Data records:
#####

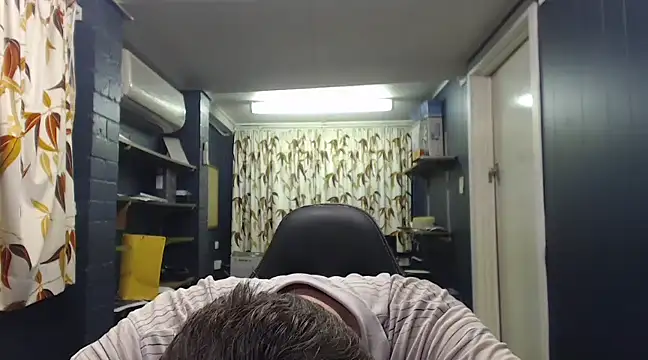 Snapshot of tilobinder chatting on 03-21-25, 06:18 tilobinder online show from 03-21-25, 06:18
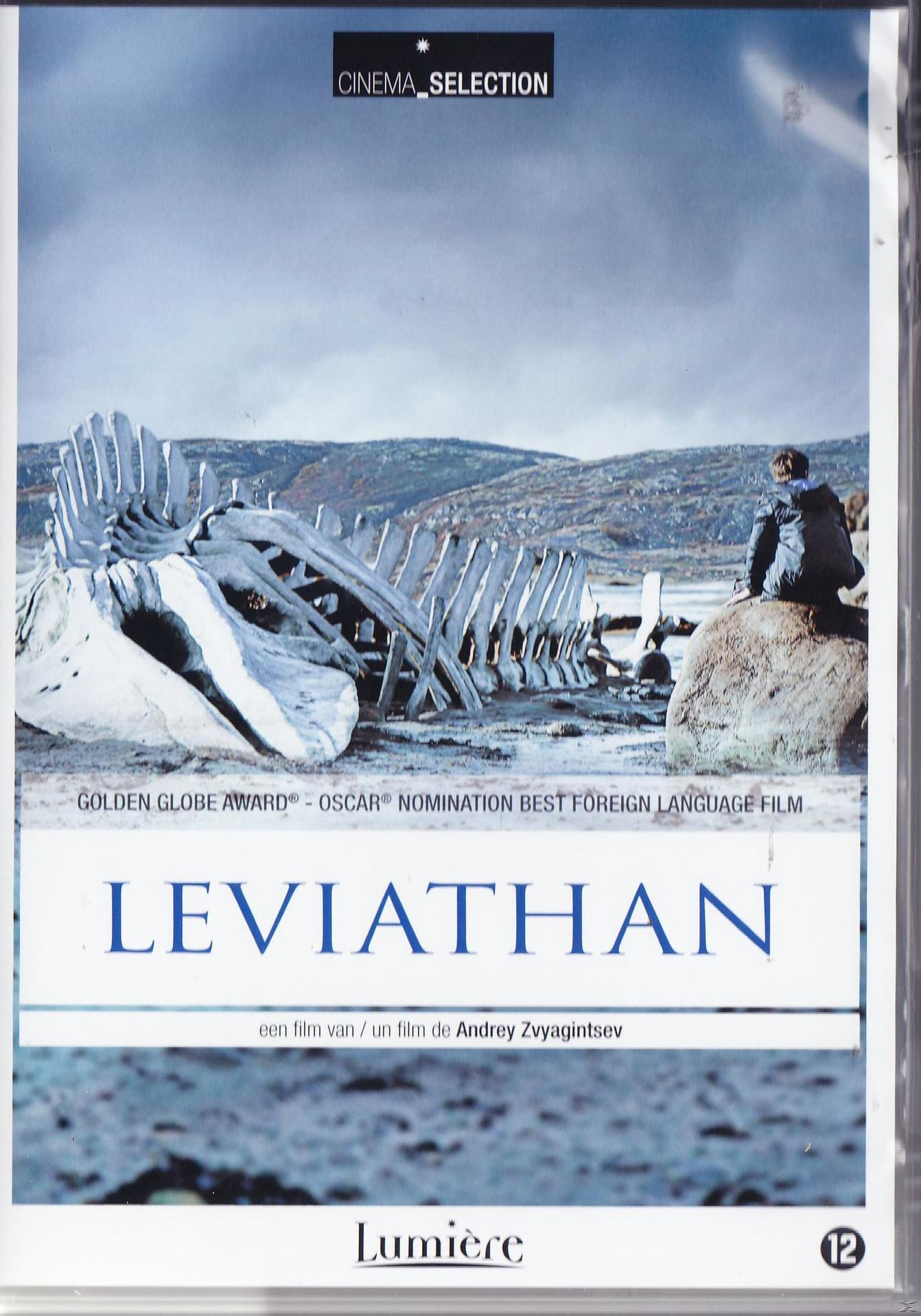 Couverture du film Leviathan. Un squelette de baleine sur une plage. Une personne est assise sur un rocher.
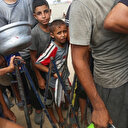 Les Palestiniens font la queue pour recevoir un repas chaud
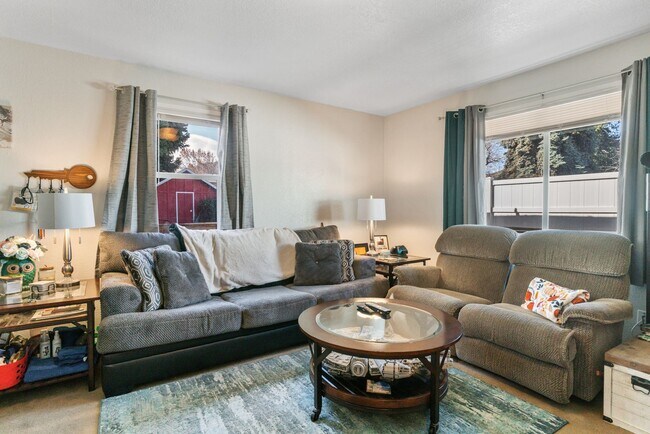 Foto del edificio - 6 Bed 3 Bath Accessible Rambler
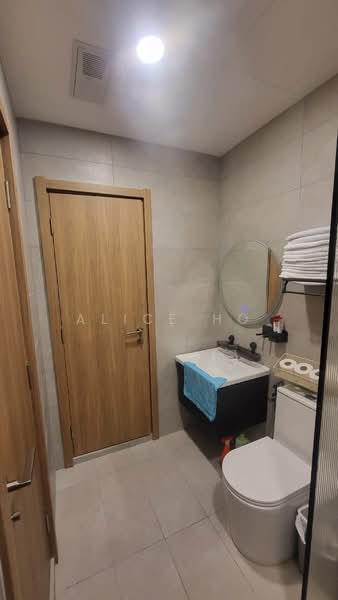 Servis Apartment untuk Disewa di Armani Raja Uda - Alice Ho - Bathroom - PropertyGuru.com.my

#####

--- Assigned task ---
Every record must be copied exactly, with images dropped from the result.

--- Output ---
 Snapshot of tilobinder chatting on 03-21-25, 06:18 tilobinder online show from 03-21-25, 06:18
 Couverture du film Leviathan. Un squelette de baleine sur une plage. Une personne est assise sur un rocher.
 Les Palestiniens font la queue pour recevoir un repas chaud
 Foto del edificio - 6 Bed 3 Bath Accessible Rambler
 Servis Apartment untuk Disewa di Armani Raja Uda - Alice Ho - Bathroom - PropertyGuru.com.my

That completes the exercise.